[CHAPTER 7]

---
If what you seek is Truth, there is one thing you must have above all else… an unremitting readiness to admit you may be wrong. -- Anthony de Mello
---

Saturday

The ringing of the phone next to the bed beckoned Lois from the sweet pull of slumber. Squeezing her eyes tighter, she tried to ignore the sound.

“Lois, answer it,” a voice mumbled.

“Lucy!” Lois sat up in the bed with a start, pulling the covers off of her sister. “What are you doing in my bed?”

Lucy patted around blindly until she grabbed the phone. “I couldn’t find mine,” she muttered, pulling the phone from the hook. She seemed happy to have stopped the ringing because she left the portable handset on the dresser.

Lois arched over her sister in order to get to the phone. “Your room is right down the hall. You had to pass it to get to mine,” she said.

“Shhh. ‘Mm seepinnin.”

Lois groaned and climbed out of the bed, taking the phone with her. “Hello?” she asked softly, leaving her bedroom and closing the door behind her.

“Lois Lane,” a deep voice greeted. “Good morning.”

“Ben, this early on a Saturday morning, it’s either Lois or Lane - not both.”

The district attorney chuckled. “I’m just saying it the way you always do.”

Lois rolled her eyes as she entered the kitchen with coffee on her mind. “Yeah, the way I say it when I’m introducing myself- oh, never mind. What’s up?”

“I have news,” Ben answered.

She tucked the phone between her shoulder and chin as she situated a coffee filter in the machine. “Really? What is it?”

“I want you to have dinner with me.”

Lois sighed. They’d had this conversation before. Many times, actually. “Ben, you know what I’m going to say.”

“Come on, Lois. You scratch my back, and I scratch yours.”

Lois smirked to herself. Ben was a friend and he was harmless – even if he wanted to date her. Teasing him would incur no bad feelings. “What, so you give me tidbits on the story, and I… scratch your back?”

“Watch it, lady. You’re moving too fast for me. I just want dinner.”

“If it were just dinner that you wanted, we might have a deal. But it’s not.”

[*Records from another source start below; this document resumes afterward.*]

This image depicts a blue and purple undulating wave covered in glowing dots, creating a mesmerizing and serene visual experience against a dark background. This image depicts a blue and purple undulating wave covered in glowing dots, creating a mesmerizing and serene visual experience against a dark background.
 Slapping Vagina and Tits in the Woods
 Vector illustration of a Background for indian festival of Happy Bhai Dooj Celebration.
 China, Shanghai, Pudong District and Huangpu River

On the other end of the line, Ben groaned. “We could try. You could debrief me on your investigation – leaving all the illegal stuff out, of course – and I can drop hints.”

“Hmmm.” Lois picked up her favorite blue mug from the mug tree and set it next to the coffee pot. “We could do those same things in your office and have coffee and a scone.”

“Do you deliberately suck the joy out of everything?”

“When I can arrange it, yes,” she answered, laughing.

Ben sighed. “Well, in that case, I might as well give you the news over the phone,” he said grudgingly. “We’ve got our witness.”

Lois straightened from the leaning position she had assumed while waiting for the brew to percolate. “Kwolek?”

“We got him into protective custody last night. An anonymous call led us right to him.”

“Ben, that’s great!”

“Yeah, and there’s more. The order has come down for Richardson’s assets to be frozen. You may want to keep an eye on his camp when the news comes out. Desperate people do desperate things.”

Lois smiled. “I’m already on it, Coop. You might want to take your own advice. I’ve come across some information that says he may already have dealt with the asset issue.”

Ben swore under his breath. “Do you think he moved it?”

“Switzerland. That’s all I got so far.”

“Yeah, well that may be enough. I better move on this. How about 8 o’clock tonight, are you free?”

“I’m not having dinner with you, Cooper.”

“Lois, this is prime real estate here. I’m not going to keep asking.”

Lois watched the drops of dark brown liquid drop into the coffee carafe. “Yes you will.”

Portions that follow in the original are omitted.